▶ _Task to carry out_: The line containing "Una cocina compacta" marks the start; please restate exactly that line and only the lines following it through the end of the material below.
BEGIN
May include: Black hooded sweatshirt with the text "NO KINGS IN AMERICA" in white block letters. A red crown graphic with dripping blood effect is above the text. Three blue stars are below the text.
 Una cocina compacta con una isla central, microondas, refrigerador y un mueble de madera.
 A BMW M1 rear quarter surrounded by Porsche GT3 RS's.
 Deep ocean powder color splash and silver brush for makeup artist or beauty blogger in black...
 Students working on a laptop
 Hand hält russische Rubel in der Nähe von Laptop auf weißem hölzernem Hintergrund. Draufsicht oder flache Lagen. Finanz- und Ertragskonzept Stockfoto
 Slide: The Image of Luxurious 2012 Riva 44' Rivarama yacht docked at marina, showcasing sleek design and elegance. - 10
END
▶ _Answer section_:
 Una cocina compacta con una isla central, microondas, refrigerador y un mueble de madera.
 A BMW M1 rear quarter surrounded by Porsche GT3 RS's.
 Deep ocean powder color splash and silver brush for makeup artist or beauty blogger in black...
 Students working on a laptop
 Hand hält russische Rubel in der Nähe von Laptop auf weißem hölzernem Hintergrund. Draufsicht oder flache Lagen. Finanz- und Ertragskonzept Stockfoto
 Slide: The Image of Luxurious 2012 Riva 44' Rivarama yacht docked at marina, showcasing sleek design and elegance. - 10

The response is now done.